命運三-B
「じゃあ、行こうか」
ひと息ついて、氷川が声をかけると、カヤも軽くうなずいた。ふたりで荷物をまとめ、彼女が進んでいた方向に向かって歩き出そうとした、その時だった。
突如、クソダイスのフレームが淡く発光を始める。
「……また出たか」
腰の袋から取り出すと、コアは赤く染まっていた。氷川は小さく息を呑む。前にも一度だけ見た色だ。だが、その時は振る間もなく自動で発動した──今回もそうなるとは限らない。

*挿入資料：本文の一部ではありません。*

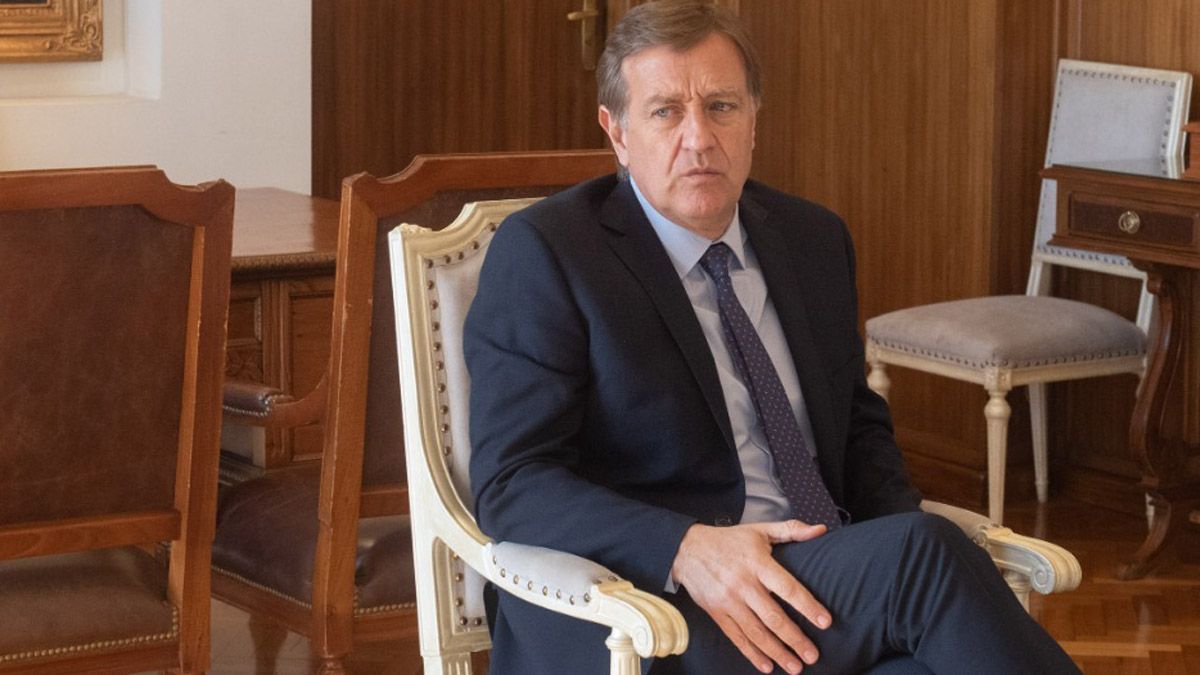 Suarez habló de las finanzas públicas de la provincia y aseguró que la oposición no puede cerrar las puertas a la reestructuración de deuda.&nbsp;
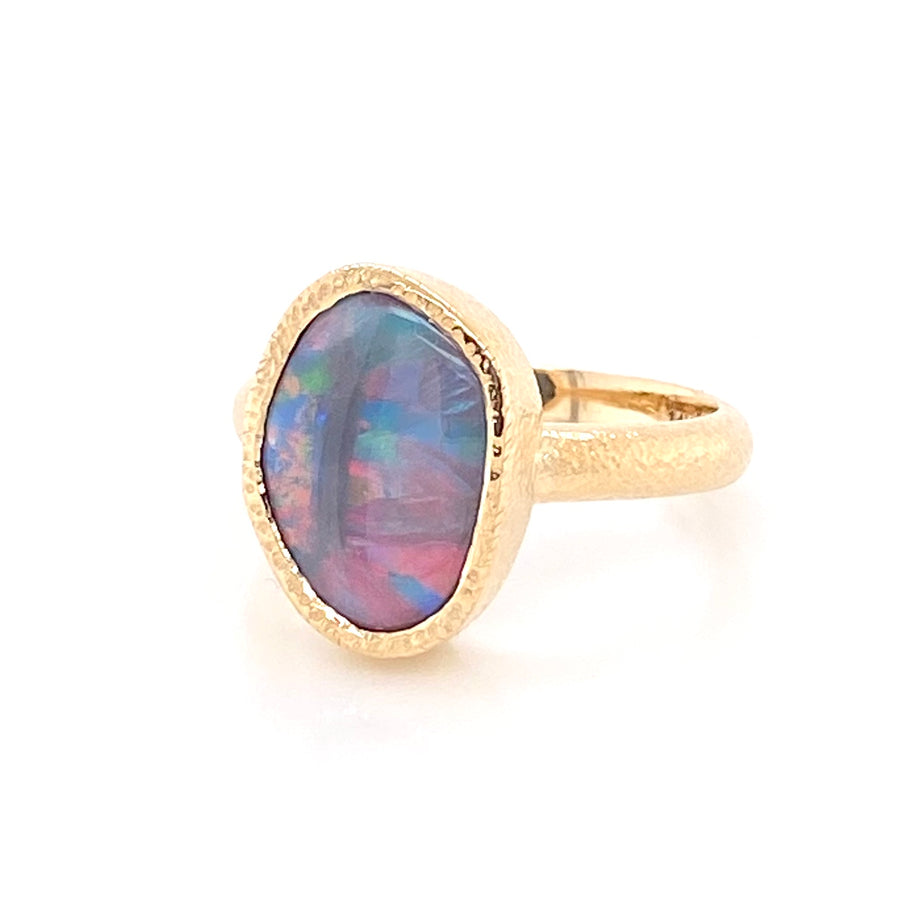 Fantastisk ring med ægte solid opal fra vores opal mine i Lightning Ridge, Australien. Kommer med oprindelses certifikat. 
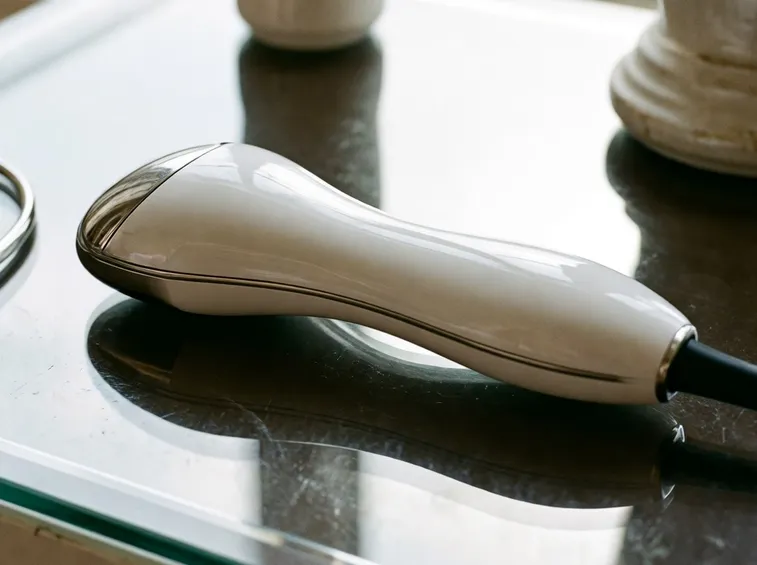 Apparecchio ad ultrasuoni domestico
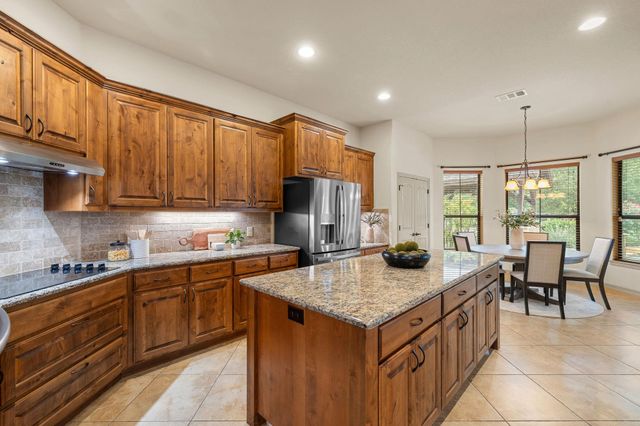 803 Pheasant MDW, Liberty Hill, TX 78642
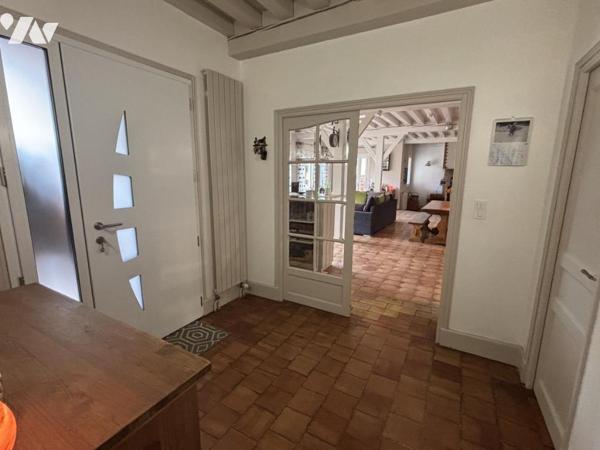 Propriété de caractère à TOUSSIEUX (01600)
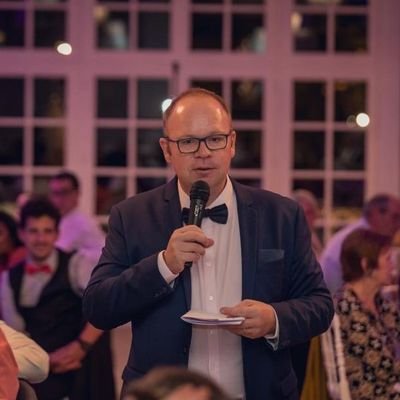 Blueouest's profile picture. agence spécialisée dans #événementiel pour #entreprise BtoB à #Chartres en Eure-et-Loir sur toute la #France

時間制限はあるが、すぐに振る必要はない。
六つのルートがフレームに浮かび上がる。
① 視界が24時間モノクロになる
② 歩いていると、反対方向に引っ張られるような感覚を受ける
③ 10km走を終えた直後と同等の疲労を得る
④ 自分の発言の語尾がすべて疑問調に聞こえる
⑤ 手に持った石が、1つだけ菱形に変形する
⑥ 他人の咳払いの回数が脳内でカウントされる
カヤはその発光に反応し、氷川の手元を覗き込んできた。
「また、何か出たの?」
「ああ……今回はこれ」
氷川は、簡潔にルートの内容を読み上げる。それぞれ妙なものばかりだが、致命的とまではいかない。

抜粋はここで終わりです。